Control Hazards

Given a loop that has two inner branches, B1 and B2, the results of the branches are given.
Fill in the prediction made by different predictors.

Assume:
- T = Taken, NT = Not Taken.
- All counters, unless otherwise specified, are 2-bit saturating counters.
- Two bit counters are initialized as weakly taken.
- One bit counters are initialized as not taken.
- All history before the execution of the trace is not taken.
- Branches are executed in the order below (left to right):

<table>
<thead>
<tr>
<th></th>
<th></th>
<th></th>
<th></th>
<th></th>
<th></th>
<th></th>
<th></th>
<th></th>
<th></th>
</tr>
</thead>
<tbody>
<tr>
<td>Action</td>
<td>T</td>
<td>NT</td>
<td>T</td>
<td>T</td>
<td>NT</td>
<td>T</td>
<td>T</td>
<td>NT</td>
<td>T</td>
</tr>
</tbody>
</table>

- The PC address of the branches are PC(B1) = 0x28, PC(B2) = 0x34.
- History[2:0] is a 3-bit shift register. 0 indicates a prior branch is NT, 1 indicates a prior branch is T. The most recently resolved branch action is stored in History[0].
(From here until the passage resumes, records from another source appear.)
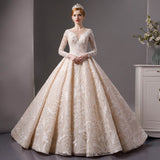 Full Lace beads luxury long sleeves ball gown wedding dress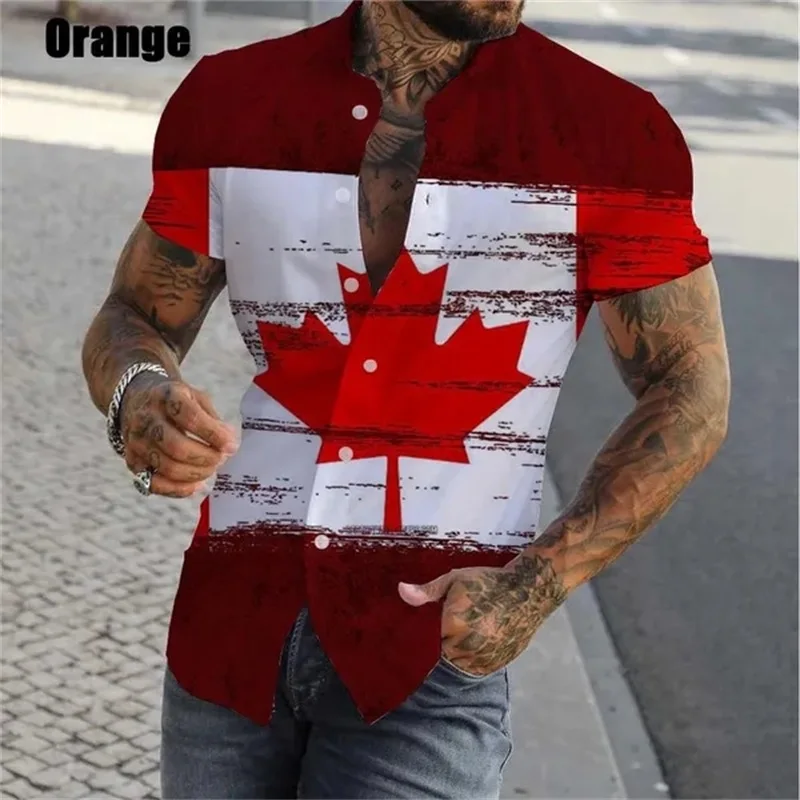 thumbnail image 1 of Nueva camisa hawaiana con estampado completo "I Love Canada" de verano para hombre, camisa informal de manga corta con botones para hombre, camisa de playa de talla grande, 1 of 4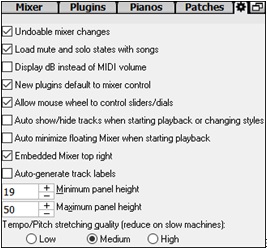 Mixer - Settings tab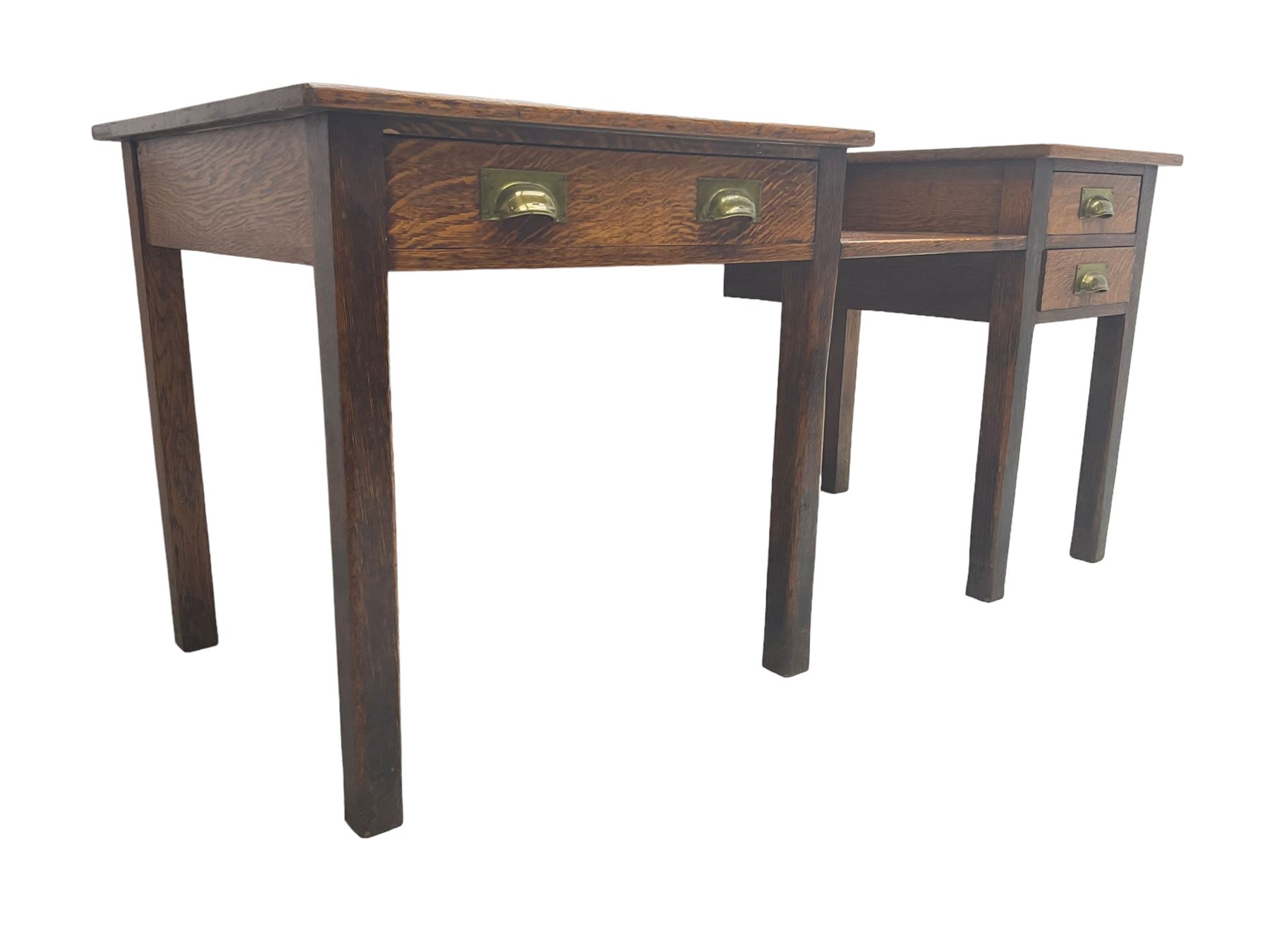 Early 20th century oak clerks desk, fitted with drop centre and drawers, on square supports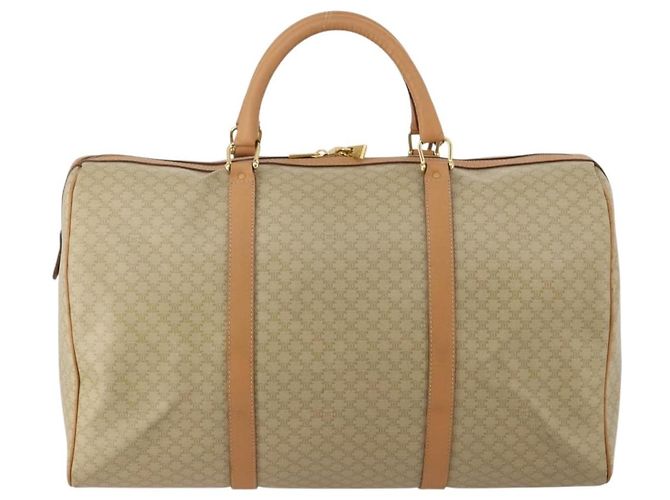 Céline Borsa Boston CELINE Macadam Canvas PVC Beige Gold Auth 197482A D'oro - vista 2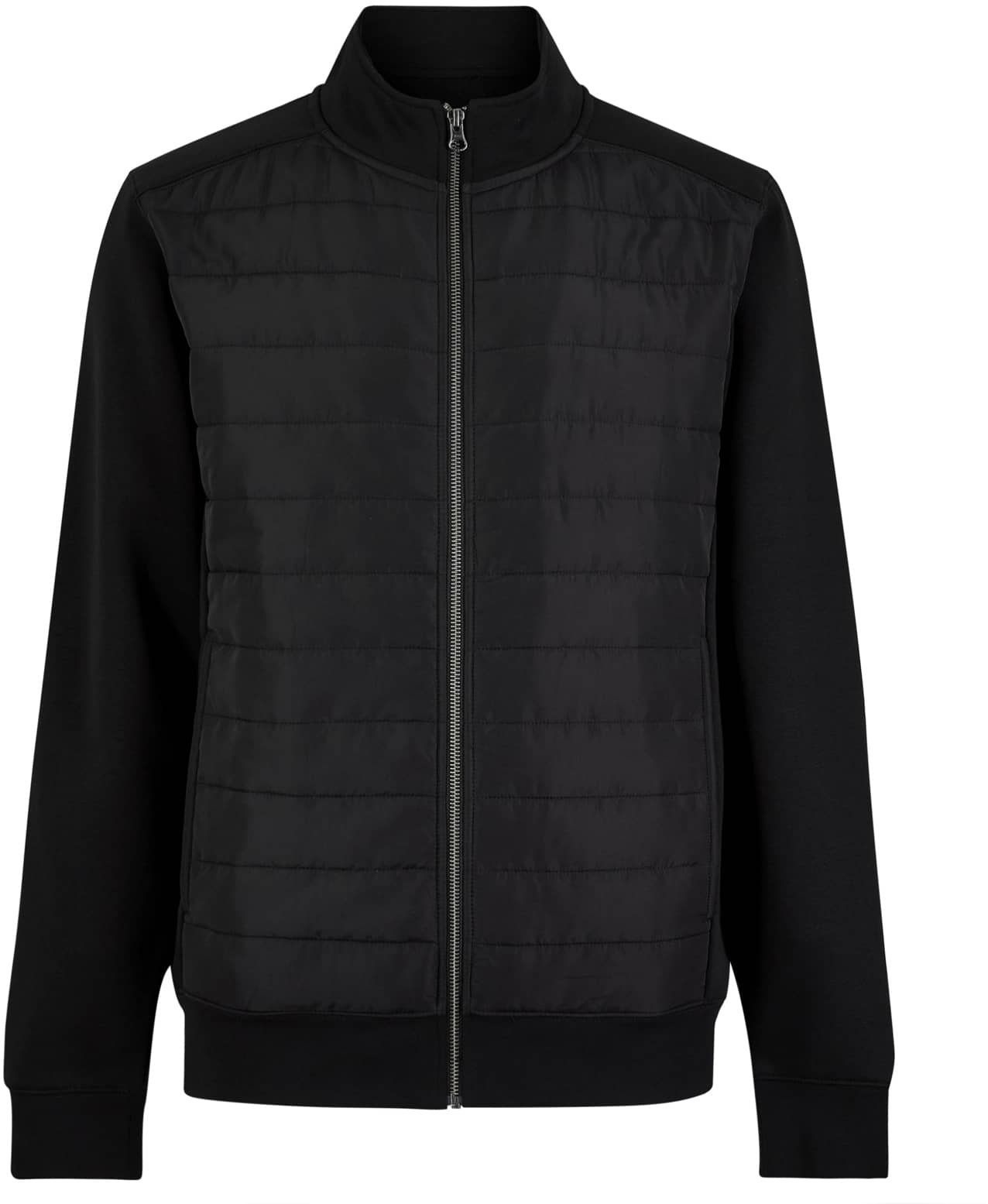 Regular Fit Quilted Full Zip Sweatshirt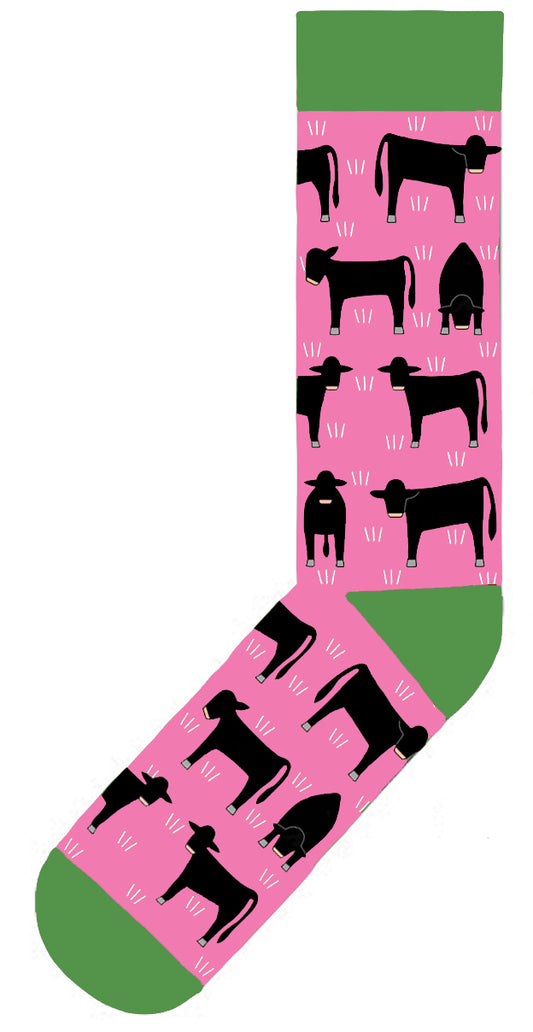 Cotton Socks - Angus On Pink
The predictors in the problem below are:
- Static-NT : Static Not Taken
- Static-T : Static Taken
- Bimodal : 1-bit saturating counter table indexed by PC[4:2]
- Global : 2-bit saturating counter table indexed by History[2:0]
- Gshare : Global correlation predictor. 2-bit saturating counter table indexed by XOR(PC[4:2], History[2:0])
(a) Complete the table of predictions and branch prediction accuracy. On each row, write the state of the corresponding predictor before it is updated by the branch. For 2-bit predictors, write SNT, WNT, WT, or ST to distinguish between strong and weak prediction.
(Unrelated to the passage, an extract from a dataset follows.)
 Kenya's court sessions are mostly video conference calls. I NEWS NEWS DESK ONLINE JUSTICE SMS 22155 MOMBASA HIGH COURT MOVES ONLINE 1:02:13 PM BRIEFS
Note: Two additional columns are given to you for intermediate computation.

<table>
<thead>
<tr>
<th>Branch</th>
<th>Action</th>
<th>Static-NT</th>
<th>Static-T</th>
<th>Bimodal</th>
<th>Global</th>
<th>Gshare</th>
<th>History</th>
<th>xor</th>
</tr>
</thead>
<tbody>
<tr>
<td>B1(010)</td>
<td>T</td>
<td>NT</td>
<td>T</td>
<td>NT</td>
<td>wT</td>
<td>wT</td>
<td>000</td>
<td>010</td>
</tr>
<tr>
<td>B2(101)</td>
<td>NT</td>
<td>NT</td>
<td>T</td>
<td>NT</td>
<td>wT</td>
<td>wT</td>
<td>001</td>
<td>100</td>
</tr>
<tr>
<td>B1</td>
<td>T</td>
<td>NT</td>
<td>T</td>
<td>T</td>
<td>wT</td>
<td>wT</td>
<td>010</td>
<td>000</td>
</tr>
<tr>
<td>B2</td>
<td>T</td>
<td>NT</td>
<td>T</td>
<td>NT</td>
<td>wT</td>
<td>sT</td>
<td>101</td>
<td>000</td>
</tr>
<tr>
<td>B2</td>
<td>NT</td>
<td>NT</td>
<td>T</td>
<td>T</td>
<td>wT</td>
<td>wT</td>
<td>011</td>
<td>110</td>
</tr>
<tr>
<td>B1</td>
<td>T</td>
<td>NT</td>
<td>T</td>
<td>T</td>
<td>wT</td>
<td>wNT</td>
<td>110</td>
<td>100</td>
</tr>
<tr>
<td>B2</td>
<td>T</td>
<td>NT</td>
<td>T</td>
<td>NT</td>
<td>sT</td>
<td>sT</td>
<td>101</td>
<td>000</td>
</tr>
<tr>
<td>B2</td>
<td>NT</td>
<td>NT</td>
<td>T</td>
<td>T</td>
<td>wNT</td>
<td>wNT</td>
<td>011</td>
<td>110</td>
</tr>
<tr>
<td>B1</td>
<td>T</td>
<td>NT</td>
<td>T</td>
<td>T</td>
<td>sT</td>
<td>wT</td>
<td>110</td>
<td>100</td>
</tr>
<tr>
<td>B1</td>
<td>NT</td>
<td>NT</td>
<td>T</td>
<td>T</td>
<td>sT</td>
<td>wT</td>
<td>101</td>
<td>111</td>
</tr>
</tbody>
</table>

| B1 Accuracy | 1/5 | 4/5 | 3/5 | 4/5 | 3/5 |
| B2 Accuracy | 3/5 | 2/5 | 1/5 | 3/5 | 3/5 |

(b) From the results above, which branch prediction technique would you choose for both B1 and B2. Circle only one answer.
There are five processor designs, each with a different branch predictor and misprediction penalty (# of cycles.) Rank the processor designs according to the number of cycles wasted due to misprediction for the branches B1 and B2 in the trace above. Indicate the ranking by writing an integer from 1 (fewest cycles) to 5 (greatest cycles) under each column. If two or more processors rank equally, write the same integer number for them.

<table>
<thead>
<tr>
<th>Processor</th>
<th>P1</th>
<th>P2</th>
<th>P3</th>
<th>P4</th>
<th>P5</th>
</tr>
</thead>
<tbody>
<tr>
<td>Predictor</td>
<td>Static-NT</td>
<td>Static-T</td>
<td>Bimodal</td>
<td>Global</td>
<td>Gshare</td>
</tr>
<tr>
<td>Penalty</td>
<td>4</td>
<td>4</td>
<td>5</td>
<td>6</td>
<td>6</td>
</tr>
<tr>
<td>Rank</td>
<td>3</td>
<td>1</td>
<td>4</td>
<td>2</td>
<td>3</td>
</tr>
</tbody>
</table>

Note: The following parts are independent of a, b, and c.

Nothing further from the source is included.